In 1976, as a young staffer for the House Banking Committee, I was tasked to a working group led by Congressman Augustus F. Hawkins; Leon Keyserling, the second Chair of the Council of Economic Advisers; and other liberal stalwarts. Together, we drafted what in 1978 became the Humphrey-Hawkins Full Employment and Balanced Growth Act.

My responsibility was to craft obscure provisions amending the Federal Reserve Act in an effort to ensure that the central bank would play ball. Eventually the goals of “full employment,” “balanced growth,” and “reasonable price stability” were written into the preamble of the law—oddly some now call them the “dual mandate”—and the central bank was ordered to report semiannually to Congress on progress toward these objectives. It has been doing so ever since.

In fact the Federal Reserve Act amendments were the only part of Humphrey-Hawkins that worked out. The Senate cut the planning heart from the bill. The press was hostile. Enactment changed nothing at the Carter White House. I skipped the great luncheon called to celebrate the bill’s passage and turned to writing my first published article, entitled “Why We Have No Full Employment Policy.” Into the early 1980s I organized the Humphrey-Hawkins hearings, at which Federal Reserve Chairman Paul Volcker would defend the savage monetarism that had ripped open America’s industrial core and driven unemployment to 11 percent. A sense of irony came in handy.

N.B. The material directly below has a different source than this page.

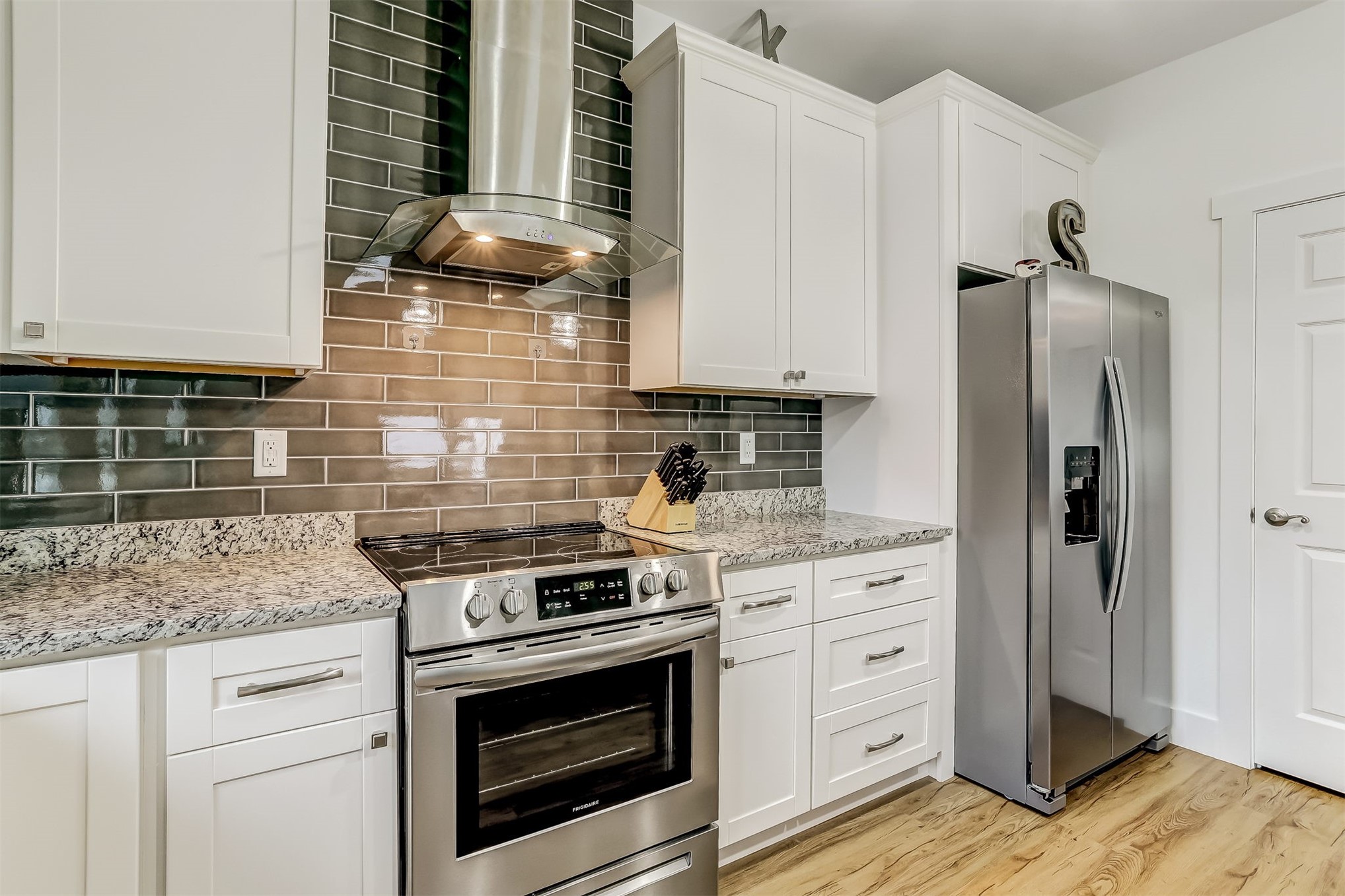 1421 Hickory Street Fernandina Beach, FL 32034 - Photo 7 of 22 a kitchen with granite countertop cabinets stainless steel appliances and a counter space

The Humphrey-Hawkins hearings did help to establish—in law, the Federal Reserve, and the minds of the public—that under the Constitution the Federal Reserve must account to Congress. In the hands of more capable members, Congress has sometimes used the hearings effectively. There is wide agreement that accountability has improved monetary policy, protecting the Fed from the reactionary dogmatism prevalent in Europe. The Fed also now values the hearings as opportunities to communicate with the public—something it rarely did before. A few deeply gullible mainstream economists even credited this process with bringing on the “Great Moderation” in economic outcomes—but that was before the crisis, of course.

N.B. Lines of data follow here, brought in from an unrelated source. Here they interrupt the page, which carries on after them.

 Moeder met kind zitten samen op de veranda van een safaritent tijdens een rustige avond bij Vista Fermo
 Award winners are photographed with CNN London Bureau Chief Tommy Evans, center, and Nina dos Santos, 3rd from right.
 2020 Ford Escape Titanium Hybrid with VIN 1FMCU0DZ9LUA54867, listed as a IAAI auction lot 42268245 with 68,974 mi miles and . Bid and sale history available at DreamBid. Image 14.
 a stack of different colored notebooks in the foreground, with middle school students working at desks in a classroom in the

None of this amounts to a full-employment policy—not even close. No part of the government acted as though the mandates mattered. The interim goals of Humphrey-Hawkins—4 percent unemployment and 3 percent inflation—were not achieved for twenty years. They were achieved, though, and a useful effect of that achievement was to refute the nonsense notion—until then barely challenged—that runaway inflation would necessarily result from full employment. But the success was transient, like the information-technology bubble that produced it.

This history shows that you cannot make elite policymakers do what they do not wish to do, simply by ordering them to do it. You can write the law. You can specify the tools that should be used. You cannot make policymakers use them if they don’t want to. And if you ever do get the result you want, it will likely be via a route you did not choose—a bubble, for instance—and with costs that you did not wish to pay. Truly changed policy requires changed policymakers.

The early postwar sensibility—expressed in the 1946 Employment Act—favored “maximum employment, production and purchasing power.” The goal was to prevent a return to the Depression. The United States was a great manufacturing economy, and the law took advantage of this—the factories should be used and the workers employed, full speed ahead.

We need stable institutional funding, planning, and execution over time—an infrastructure bank.

Now, with fifteen million unemployed, Robert Pollin calls for a new emphasis on full employment. But how do we reach it in our present world? A revival of New Deal shovel projects would be foolish—these days that sort of work is done mostly with machines. A general expansion of demand would create jobs, many of them in China. A new bubble (in what?) would be unsustainable. And we have issues of energy and climate that weren’t there in 1945.

Thus strategy going forward should emphasize concrete acts consistent with full employment and other necessary goals. Why not rebuild the country to meet our energy needs and cope with climate change? Putting these in a stimulus bill doesn’t work: when the political winds turn, the projects get canceled. We need stable institutional funding, planning, and execution over time—just the sort of thing delivered best by an infrastructure bank.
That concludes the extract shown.